The United Nations agency said Monday that a systematic review of the available evidence suggests use of non-sugar sweeteners “does not confer any long-term benefit in reducing body fat in adults or children.”
It also shows there may be “potential undesirable effects” from the long-term use of these sweeteners, such as an “increased risk of type 2 diabetes, cardiovascular diseases, and mortality in adults.”
Replacing sugar with non-sugar sweeteners “does not help with weight control in the long term. People need to consider other ways to reduce free sugars intake, such as consuming food with naturally occurring sugars, like fruit, or unsweetened food and beverages,” Francesco Branca, WHO Director for Nutrition and Food Safety, said in a press release. Artificial sweeteners “are not essential dietary factors and have no nutritional value. People should reduce the sweetness of the diet altogether, starting early in life, to improve their health.”
The recommendation applies to all people except individuals with pre-existing diabetes, the review says, as assessing this group was simply beyond the scope of the data used.
What artificial sweeteners are bad for you?
WHO’s recommendation encompasses “all synthetic and naturally occurring or modified non-nutritive sweeteners that are not classified as sugars” found in manufactured foods and beverages or sold on their own to be added to foods and beverages.
The agency notes common varieties include acesulfame K, aspartame, advantame, cyclamates, neotame, saccharin, sucralose, stevia and stevia derivatives.

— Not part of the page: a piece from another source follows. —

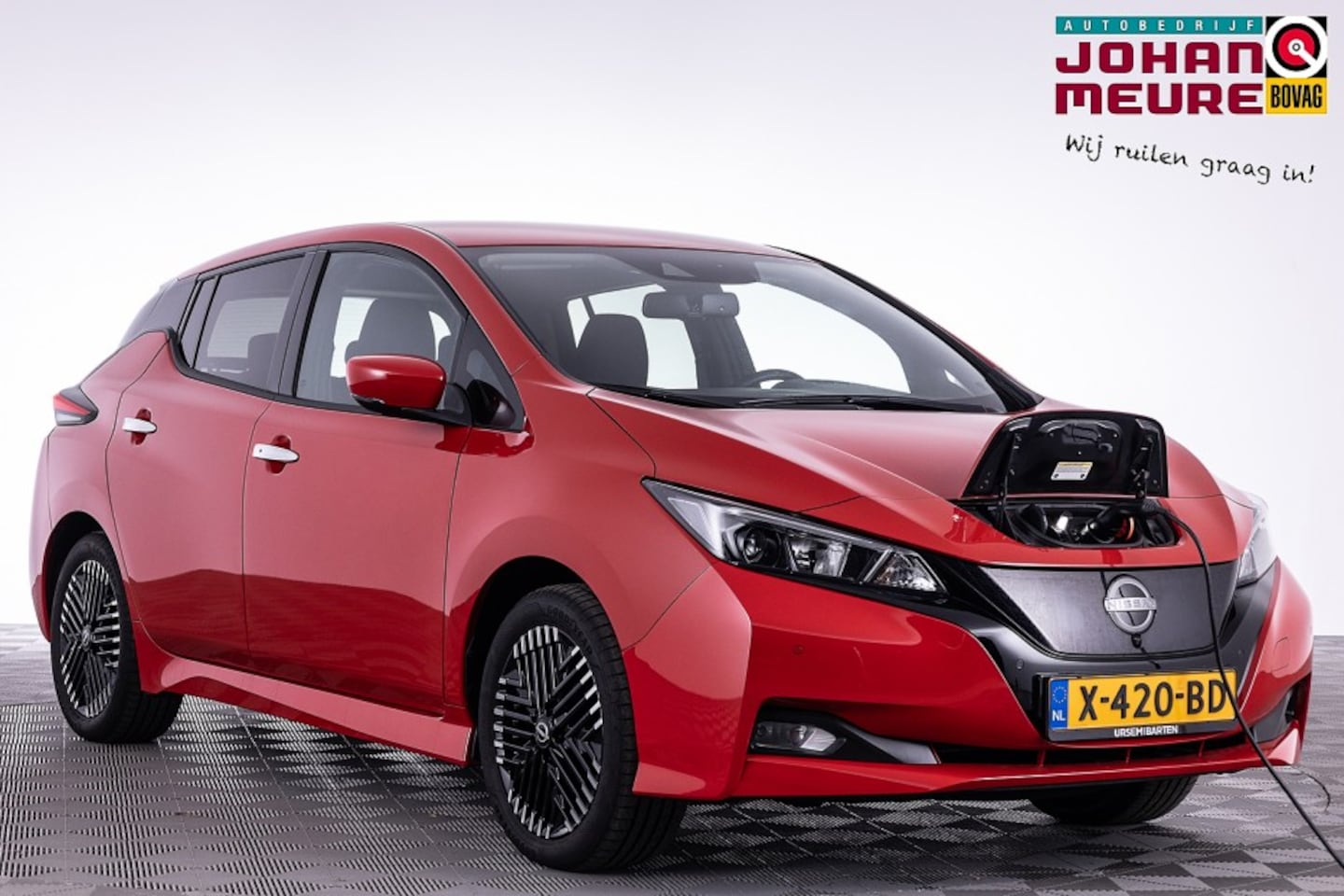 Nissan LEAF - Acenta 40 kWh | NAVI | Trekhaak ✅ 1e Eigenaar | SOH 96,1% - AutoWereld.nl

This guidance comes months after a study found erythritol, a zero-calorie sugar substitute used to sweeten low-cal, low-carb and “keto” products, is linked to higher risk of heart attack, stroke and death.

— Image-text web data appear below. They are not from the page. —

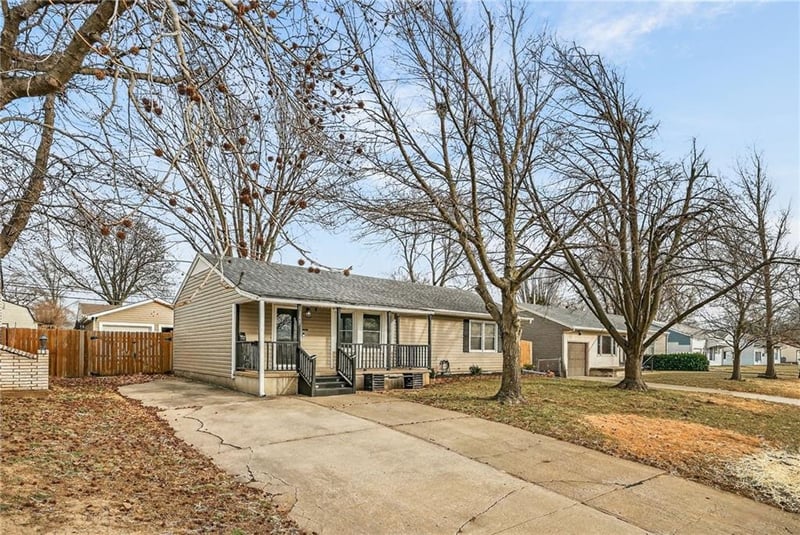 1207 Atherton Rd, Independence, MO 64056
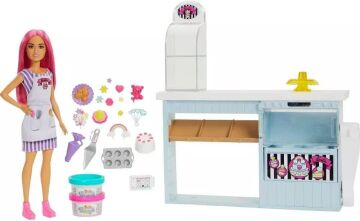 Barbie Pasta Dükkanı Oyun Seti ve Pembe Saçlı 30 cm Minyon Bebek, Fırın Standı, Pasta Yapma Özelliği, 20'den Fazla Oyun Parçası, 3 Yaş ve Üzeri için (HGB73)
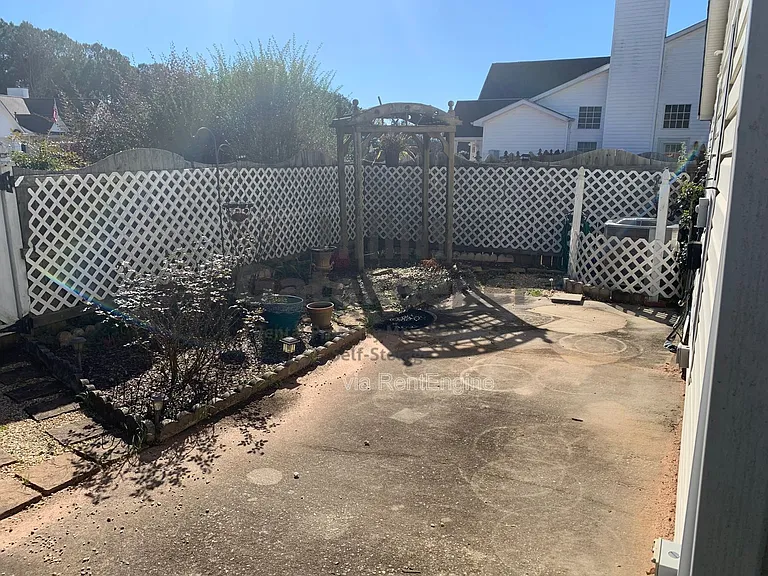 30 Courtyard Ln #30 — Photo 17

Researchers at the Cleveland Clinic studied over 4,000 people in the U.S. and Europe and found those with higher blood erythritol levels were at elevated risk of experiencing these major adverse cardiac events. The research, published in the journal Nature Medicine, also found erythritol made blood platelets easier to form a clot.
Sugar-free products containing erythritol have been previously recommended for people with obesity, diabetes or metabolic syndrome as ways to manage sugar and calorie intake. Erythritol is one ingredient in the common calorie-free stevia sweetener Truvia, for example.